ダニエル・クレイグのボンド引退作「007」もこの世の不条理を嘆いとった
「へぇ、ボンドが世界征服企む悪党をやっつけるだけでそんな長いんか」と聞き返すや、「いや、前作の『スペクター』っていうのを先にかじっとかないと最初、戸惑いますよ」と。「目の保養になるん?」とまた聞くと、「目も疲れるし頭も疲れました。最後は主演のダニエルもミサイルでぶっ飛ばされて、お役御免となってました」と。

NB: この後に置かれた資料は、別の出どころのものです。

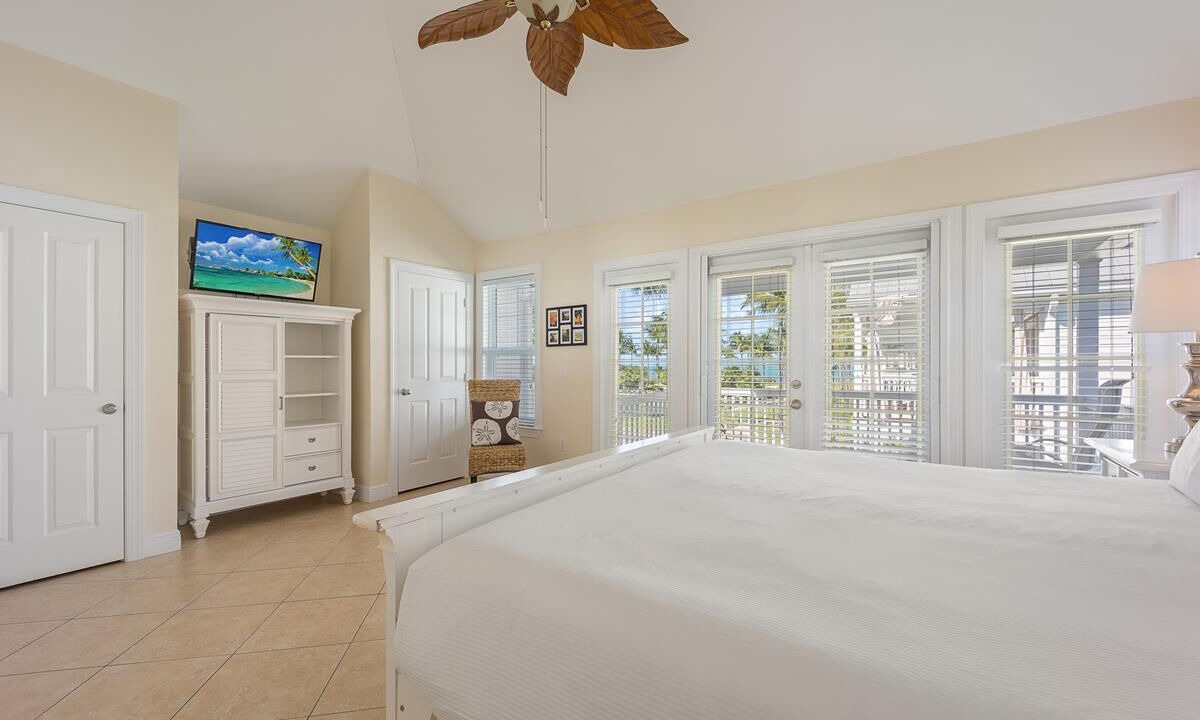 Photo of Bedroom in Indigo Reef Marina Homes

やれやれ、芸術の秋なのに、「007」ぐらいしかないのか。ならばといつもより重たい腰を上げ、久しぶりに映画館へ。彼ほどハシゴする体力はないが、もう一本ないかと探したが、木村拓哉の「マスカレード・ナイト」くらいしか選択肢がない。都市ホテルのパーティーに紛れ込んだ殺人犯を捕まえる潜入捜査官がどうしたこうしたとか。何が悲しくてそんなたわいないおとぎ話につき合わなきゃならないのかとため息だけついて、仕方なくダニエル・ボンド引退作を見届けることに。
感想は、ひどく手抜きのスジ運びで、目まぐるしさに疲れただけだった。日本とロシアの間にある無人島(千島列島か?)の秘密基地で、身上不明な小悪党がマッド科学者に開発させた「触れたらすぐ死ぬ」ナノ細菌兵器とやらを世界にバラまかれないうちに(当たり前だが)ボンドが乗りこんで行く、1時間40分もあれば決着つきそうな話だった。米国人が見たら中国の武漢研究所のことかと疑うかもだが、こんな劇画に3億ドルもかけて世界中でその何倍も稼ぐアクロバットみたいな映画で、大衆は何を得るのかと改めて悩みながら外に出た。
ボンドも爆弾の犠牲になったようだ。若い女がかすれ声で歌う主題歌が「もう死ぬ間さえも残されていない」とこの世の不条理を嘆いとったよ。